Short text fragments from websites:
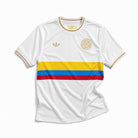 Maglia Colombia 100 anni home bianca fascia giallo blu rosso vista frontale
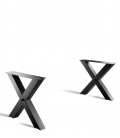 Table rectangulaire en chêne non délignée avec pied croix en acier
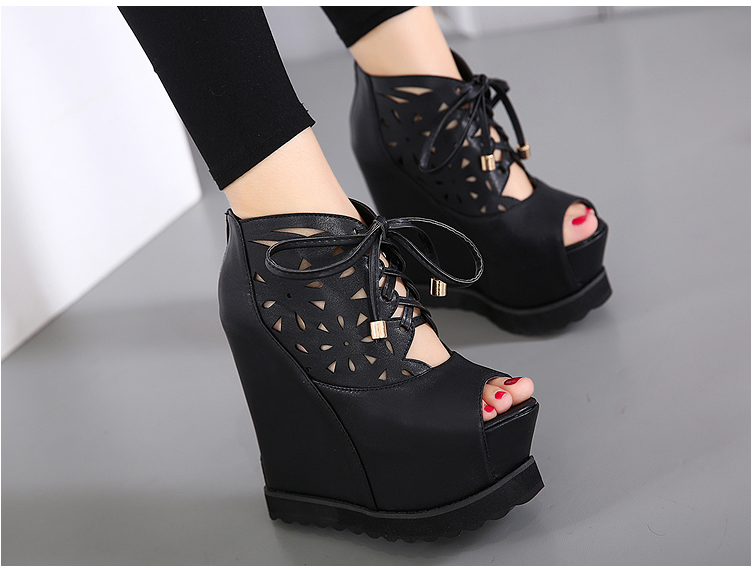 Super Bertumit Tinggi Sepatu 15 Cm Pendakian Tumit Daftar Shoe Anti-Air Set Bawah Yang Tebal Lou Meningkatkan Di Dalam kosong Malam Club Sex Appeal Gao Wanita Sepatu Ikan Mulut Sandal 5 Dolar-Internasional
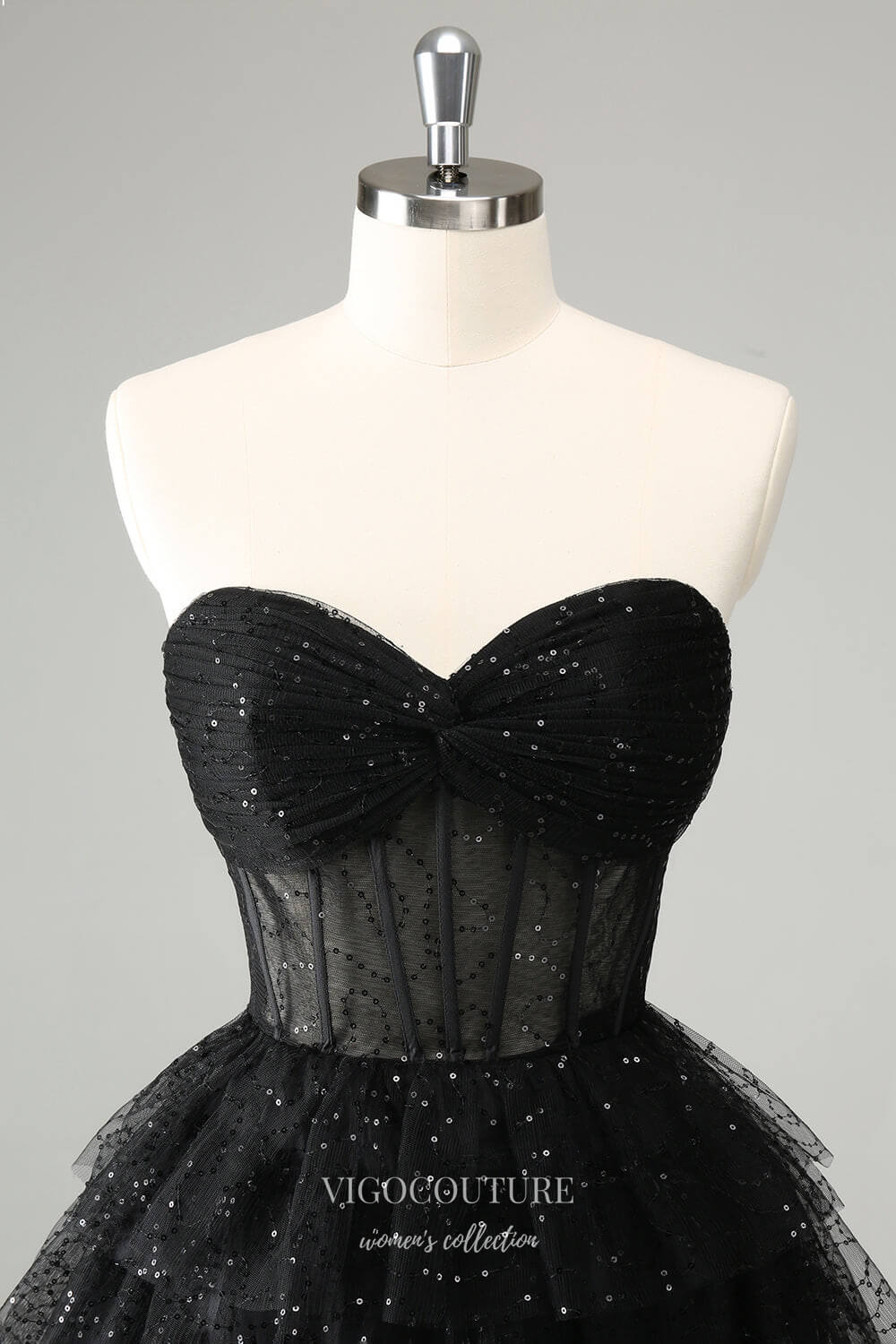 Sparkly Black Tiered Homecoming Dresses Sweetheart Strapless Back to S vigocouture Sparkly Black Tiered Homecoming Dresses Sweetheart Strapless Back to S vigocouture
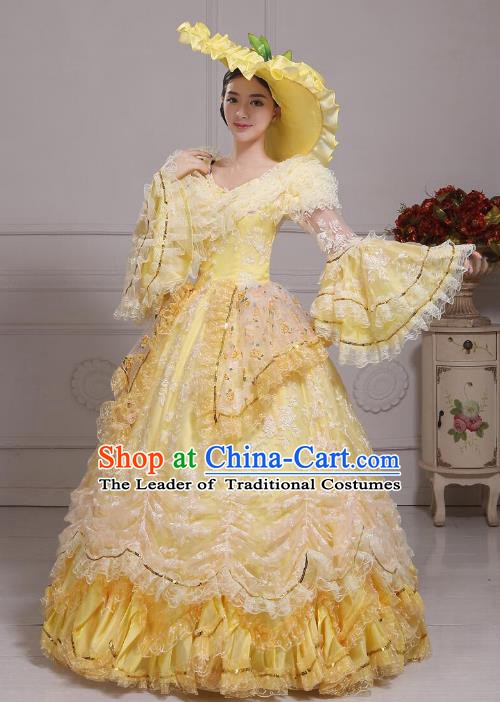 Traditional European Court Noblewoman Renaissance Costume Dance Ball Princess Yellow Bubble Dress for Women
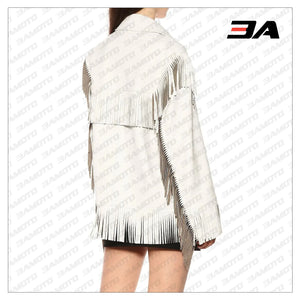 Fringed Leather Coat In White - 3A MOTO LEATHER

**Directions for this task**: An exact copy is required of the lines from the one holding "S vigocouture Sparkly" to the end of the entries above, both included; no pictures belong in it.

**Solution**:
 Sparkly Black Tiered Homecoming Dresses Sweetheart Strapless Back to S vigocouture Sparkly Black Tiered Homecoming Dresses Sweetheart Strapless Back to S vigocouture
 Traditional European Court Noblewoman Renaissance Costume Dance Ball Princess Yellow Bubble Dress for Women
 Fringed Leather Coat In White - 3A MOTO LEATHER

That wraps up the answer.